# Durban Sands: Need to prepay levy in order to space bank?



## LisaH (Feb 9, 2006)

What's deposit the procedure there? I am thinking about depositing my 2007 week. Do I need to prepay 2007 levy at the resort in order to deposit it with RCI?


----------



## 225chs (Feb 9, 2006)

Durban sands requires you to prepay an estimate for the 2007 levy in order to spacebank


----------



## Bernie8245 (Feb 9, 2006)

I currently have a 2007 DS week deposited into RCI and I have not paid levies on it yet. I also deposited both of my 2006 weeks into RCI before I paid the levies. I had called RCI to ask some questions about a resort I had on hold and she asked me if I wanted to deposit my 2006 DS weeks and I told her I hadn't paid my levies yet.  She said it didn't matter. I told her to go ahead and deposit them and they showed up within a couple of days.
   The 2007 week that I have deposited I did online and it took a long time before it showed up but it finally did. Now I've been trying to pay my 2007 levies and Tracey doesn't respond to my emails. Anyone had any luck with paying levies via email lately?
Bernie


----------



## northwoodsgal (Feb 10, 2006)

I deposited my 2007 DS week last March and was required to pay levies first.


----------



## kewanee (Feb 10, 2006)

Bernie - I have had no luck via email trying to pay and deposit my Durban Sands.  I have sent 3 so far spaced out since early January and as recent as this past Monday.  I tried faxing also, but all I got was a busy signal.  I am going to try today from a different email account and see if that helps.

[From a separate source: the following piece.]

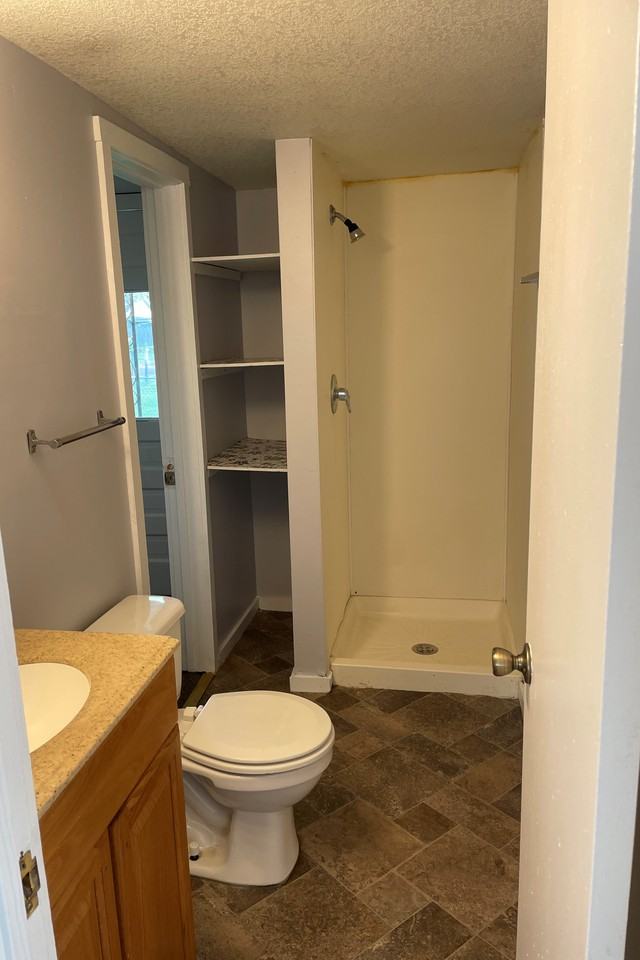 323 1/2 Sw Lindenwood Ave - Photo 3 of 6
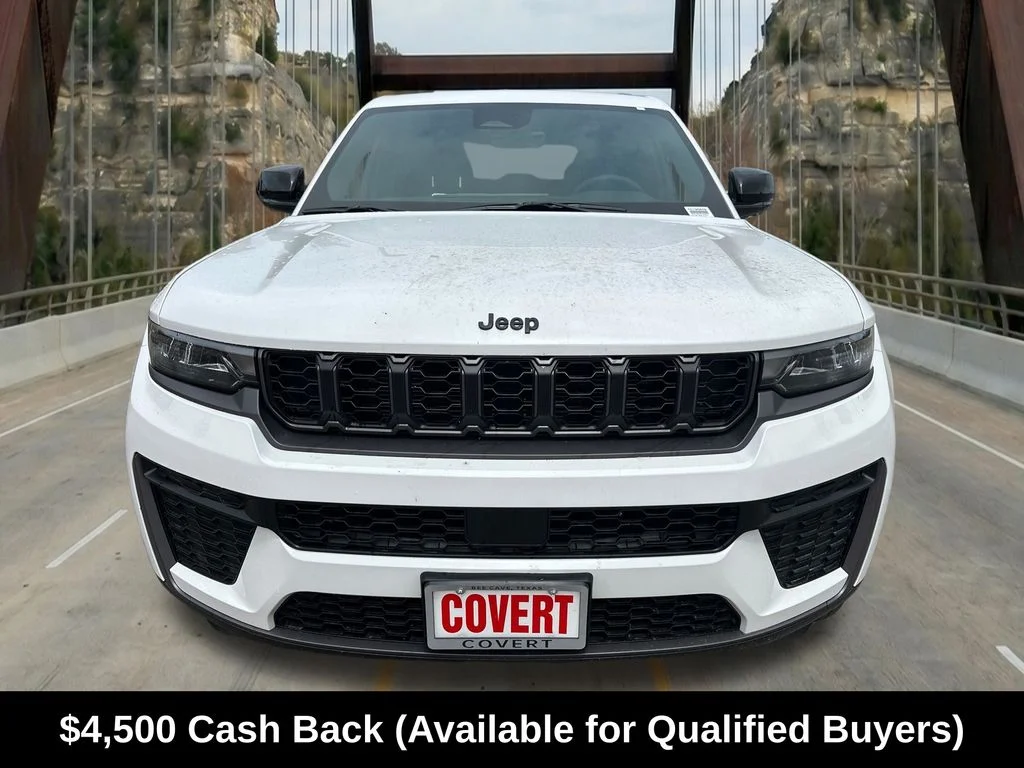 New 2026 Bright White Clear-Coat Exterior Paint Jeep Altitude image 2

Edited - maybe I spoke too soon.  I still don't have any replies, but this morning I see a $698 'pending charge' on my credit card.  I haven't used that credit card for anything else, so it must be from Durban Sands.   I have two 2-bedrooms and asked to pay the back levy surcharge (R516 each) plus the 2007 estimate.   It looks like the 2007 estimate is about R1500 - a 15% increase over 2005 (without the extra elevator surcharge of ~ R500 for 2006).      For banking the weeks - I go online into RCI and deposit them - they have always stayed in the 'pending deposit' section until someone from RCI-SA actually moves them at the request of the resort.    As most of you have experienced - I sent my emails to Durban Sands and Sudwala at the same time and my Sudwala was totally finished within a week.....


----------



## Aldo (Feb 12, 2006)

Are you guys actually seeing any availability with these SA deposits with RCI?

All that happens on my end is you deposit an SA week with RCI, and you get almost no availability showing (although the weeks you want can be rented out with getravel.op.

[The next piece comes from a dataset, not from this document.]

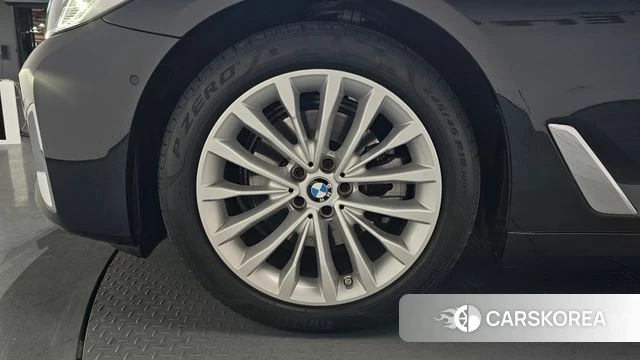 BMW 5 Series (G30) id 3923496 из Кореи 14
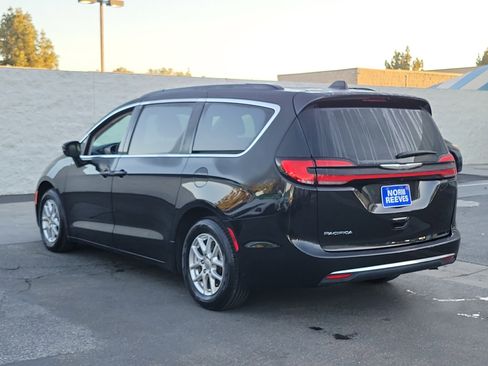Used 2022 Chrysler Pacifica Touring-L image 27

There seems absolutely no sense in depositing with RCI, unless you experience is different than mine.


----------



## northovr (Feb 12, 2006)

*Durban Sands trades way better than my Patriot Place*

DS trades better than my Patriot Place.  I had no problems with contacting Tracey.  I did have a problem in contracting RCI SA so I had to use my aol account.  They got a spam blocker on my verizon email address for some reason. 
My Durbans sand week is able to pull Virginia beach summer weeks.


----------



## ira g (Feb 12, 2006)

Aldo said:
			
		

> Are you guys actually seeing any availability with these SA deposits with RCI?
> 
> All that happens on my end is you deposit an SA week with RCI, and you get almost no availability showing (although the weeks you want can be rented out with getravel.op.
> 
> There seems absolutely no sense in depositing with RCI, unless you experience is different than mine.


Aldo- We are still getting good trades with our Dik and Bushmans as long as you reserve 12-24 months out. We just booked 2 weeks in so cal and 2 weeks in hawaii using our SA weeks. Granted they were deposited before black sunday so i have no knowledge how they will trade after, as we have not paid our mf as yet for 2007 nor deposited our weeks. So far still satisfied.


----------



## LisaH (Feb 19, 2006)

Anyone knows what's the estimated 1BR levy amount for 2007?


----------



## 225chs (Feb 20, 2006)

LisaH said:
			
		

> Anyone knows what's the estimated 1BR levy amount for 2007?




It was R1474 before the "assessment". I would be interested in their new figure


----------



## Dunk (Feb 20, 2006)

*Email address to pay levies?*

I know the email address for paying Durban Sands levies has been posted here before....I think I even posted it once....but I can't find it with a search.
I am working away from home and don't have access to my address book. Could someone please post the email address?

Thanks
Dunk


----------



## kewanee (Feb 20, 2006)

traceym@firstresorts.co.za

Good luck!


----------